Google released an open-source Colab MCP Server that lets any MCP-compatible agent control Google Colab programmatically. This means an agent like Claude Code or Gemini CLI can create notebooks, write and execute code cells, install dependencies, and manage the entire notebook lifecycle — all in Colab’s cloud environment with its GPUs and compute resources. The practical value is treating Colab as a sandboxed compute environment for agents. Instead of running untrusted code locally, you dispatch it to Colab. The agent gets cloud compute; you get isolation. It’s open source and works with any MCP-compatible agent.

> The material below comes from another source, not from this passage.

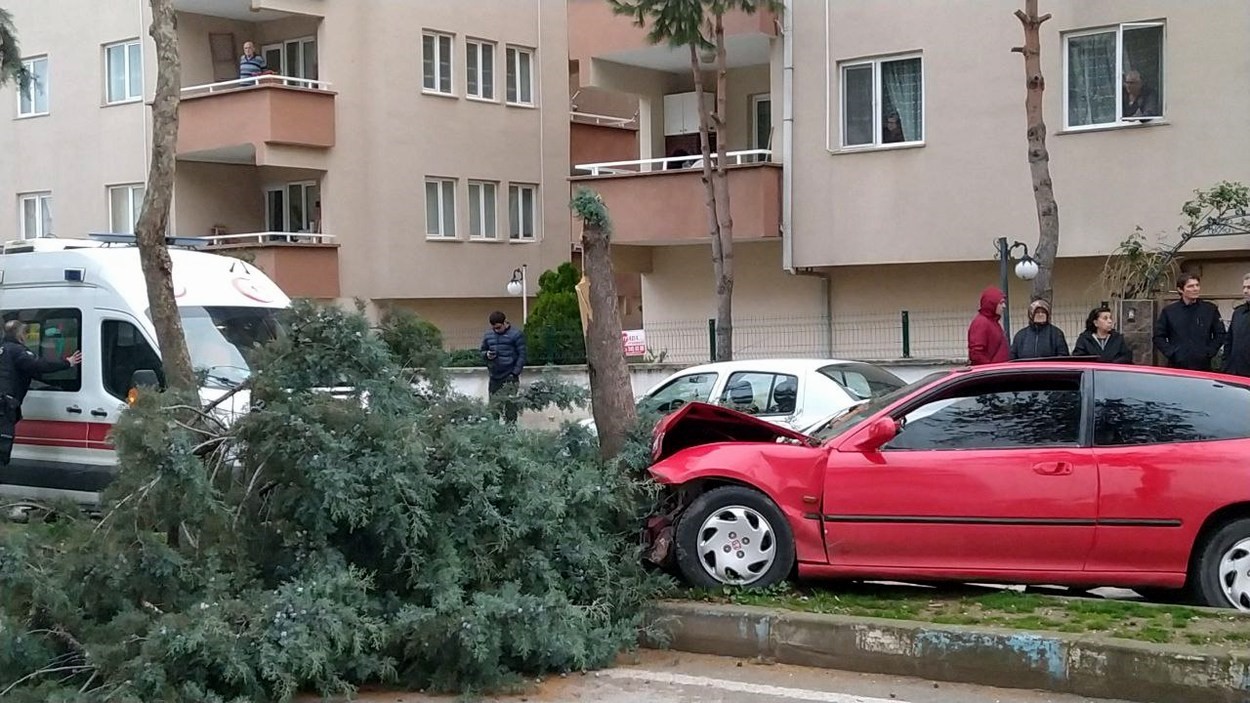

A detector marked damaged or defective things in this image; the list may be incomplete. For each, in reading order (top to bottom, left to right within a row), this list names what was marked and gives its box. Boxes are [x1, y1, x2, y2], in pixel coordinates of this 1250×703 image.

Finally, there’s a tutorial on building durable AI agents with Gemini and Temporal. The problem Temporal solves is persistence and fault tolerance in agentic loops. If your agent is partway through a multi-step workflow and the process crashes, Temporal can resume exactly where it left off — state, context, everything. It records each step as a checkpoint, so failures at step seven don’t mean re-running steps one through six. For production agent deployments where reliability matters, this is the kind of infrastructure that turns demos into real systems.
That’s the list for number 743. Heavy on Google today — nine of the thirteen articles are Google-authored or Google-adjacent. The throughline across all of them is agents moving from concept to infrastructure: protocols for how they communicate, gateways for how they scale, spend caps for how they’re governed, and durability frameworks for how they survive failures. The plumbing is getting serious. Thanks for listening.